The events of Dunkirk – the evacuation of the troops by the “little ships” has become part of the British myth. Here using commentary from the survivors together with archive material the story of Dunkirk is retold, bringing alive the desperate situation the hemmed-in troops faced together with the bravery and sacrifice of those who rescued them. With great effect, Sinclair McKay embeds the story of Dunkirk into the World War II narrative, giving us the behind-the-scenes military and political views of the situation, how the public seized on the event as a strengthening of national resolve, how it affected the progress of the war and finally how it remains lodged in the national subconscious.

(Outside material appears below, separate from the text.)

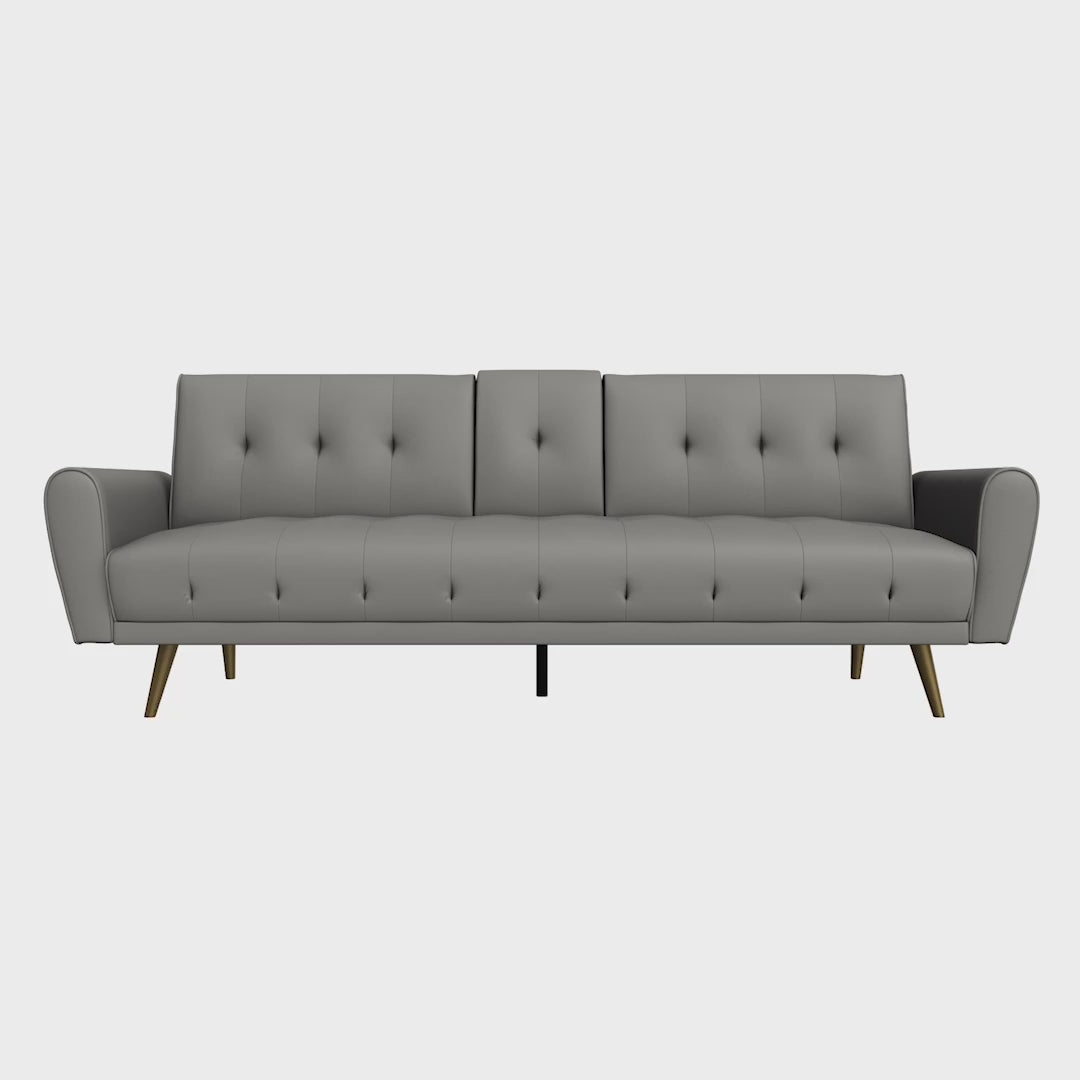 Load video: Lora Sofa Bed 3 Seater Faux Leather Click Clack with 2 Cup Holders - Grey Bargainia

Dunkirk From Disaster to Deliverance - Testimonies of the Last Survivors Synopsis
When Churchill made one of the most inspiring speeches of the 20th century - 'we will fight them on the beaches' - some thought that it was his way of preparing the public for the fall of France. Others heard it as a direct appeal to the Americans. The Prime Minister was speaking in the Commons in June 4 1940, giving thanks for the miracle of deliverance, the harrowing and breathless evacuation of over 338,000 troops - British and French and Belgian - from the beaches and harbour at Dunkirk in the teeth of nightmarish German onslaught. Churchill was determined it shouldn't be labelled a victory. He was already too late. Hours later, broadcaster JB Priestley was to call it 'an absurd English epic'. The last of the boatloads had returned to Dover in the small hours of June 4th. And the mythologizing had already begun - from euphoric American journalists to the thousands of women who lined up on railway platforms, crowding round exhausted soldiers as if they were movie stars. But was Churchill privately convinced that the Germans were about to successfully invade England? Those days of Dunkirk, and the spirit, and the image of the indefatigable little ships, are still invoked now whenever the nation finds itself in any kind of crisis. But there is a wider story too that involves a very large number of civilians - from nurses to racing enthusiasts, trades union leaders to dance hall managers, novelists to seaside cafe owners. And even wider yet, a story that starts in September 1939: of young civilian men being trained for a war that was already 25 years out of date; and the increasing suspense - and occasional surrealism - of the Phoney War. The 'absurd epic' of Dunkirk - told here through fresh interviews with veterans, plus unseen letters and archival material - is the story of how an old-fashioned island was brutally forced into the modernity of World War Two.
Sinclair McKay writes regularly for the Daily Telegraph and The Secret Listeners and has written books about James Bond and Hammer horror for Aurum. His next book, about the wartime Y Service during World War II, is due to be published by Aurum in 2012. He lives in London.